Wayne Matthews

Personal information
- Full name: Wayne John Matthews
- Date of birth: 11 September 1964 (age 61)
- Place of birth: Cardiff, Wales
- Position: Midfielder

Senior career*
- Years: Team / Apps / (Gls)
- 1983–1985: Cardiff City / 14 / (0)
- 1985–1986: Barry Town / 10 / (0)
- 1986–1988: Ton Pentre
- 1988–1992: Barry Town / 94 / (11)
- 1992–1993: Cwmbrân Town / 8 / (0)
- 1993: Llanidloes Town / 6 / (1)
- Ely Rangers

Managerial career
- 2007–: Ely Rangers

= Wayne Matthews (footballer) =

Welsh footballer (born 1964)

Wayne John Matthews (born 11 September 1964) is a Welsh former professional footballer who played as a midfielder. He made fourteen appearances in the Football League for Cardiff City and later played for several teams in the Welsh leagues.

==Career==
Born in Cardiff, Matthews began his career with his hometown club Cardiff City. He made his professional debut on the opening day of the 1983–84 season, replacing Chris Rodon during a 2–0 defeat to Charlton Athletic. Scoring in a 5–0 victory over Taff's Well in the Welsh Cup.

He joined Barry Town following his release before moving to Ton Pentre the following year. He returned to Barry in 1988 and went on to make over 100 appearances in all competitions for the club. In 1992, he joined League of Wales side Cwmbrân Town where he played eight times as they won the league title. However, he was one of two players released midway through the season as the club were unable to pay their £80 a week wages. Following his release, Matthews briefly worked at Ninian Park, the home ground of his former club Cardiff City, selling burgers. He finished the season with rival League of Wales side Llanidloes Town.
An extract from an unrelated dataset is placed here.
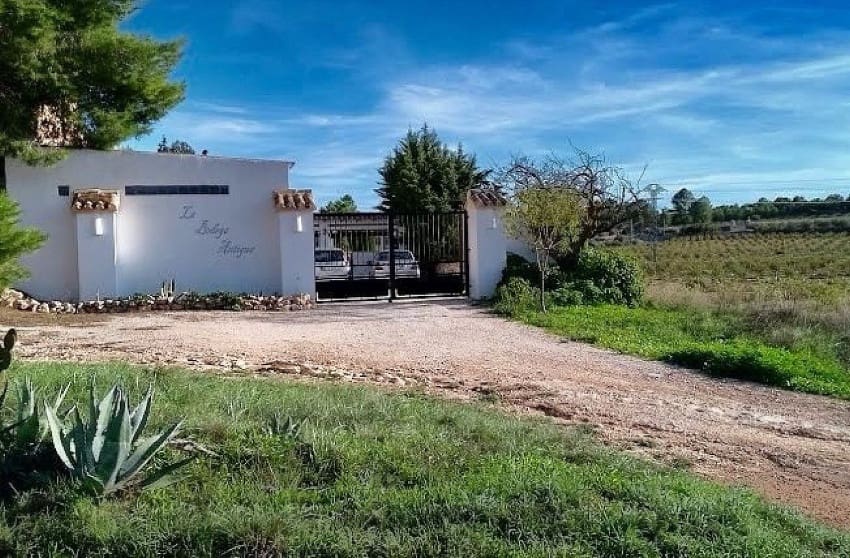 5 chambre Villa/Maison Semi-Mitoyenne à vendre à Pinoso avec piscine - 339 995 € (Ref: 9536485)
In May 2007, 24 years after making his senior debut, Matthews received the first red card of his career while playing for Ely Rangers in the Welsh Football League. He was appointed player-manager of Ely a month later.

==Later life==
Matthews married his partner Linda and they have two children together, Jay and Sherelle. In 1993, Wayne Matthews started his own manufacturing business by embroidering sportswear in his bedroom.
The Company Classic Sportswear Manufacturing Ltd has grown since that day to become a full sportswear manufacturing company run by directors Wayne and Linda Matthews. Manufacturing sportswear for the 2012 London Olympics, premiership football teams and teams around Europe. Still a family-run business and expanding in 2020 with additional new director and son Jay Matthews. Wayne Matthews set up a charity for mental health in 2019n with former Footballer David Cotterill. David Cotterill Foundation and matthews is a named Trustee.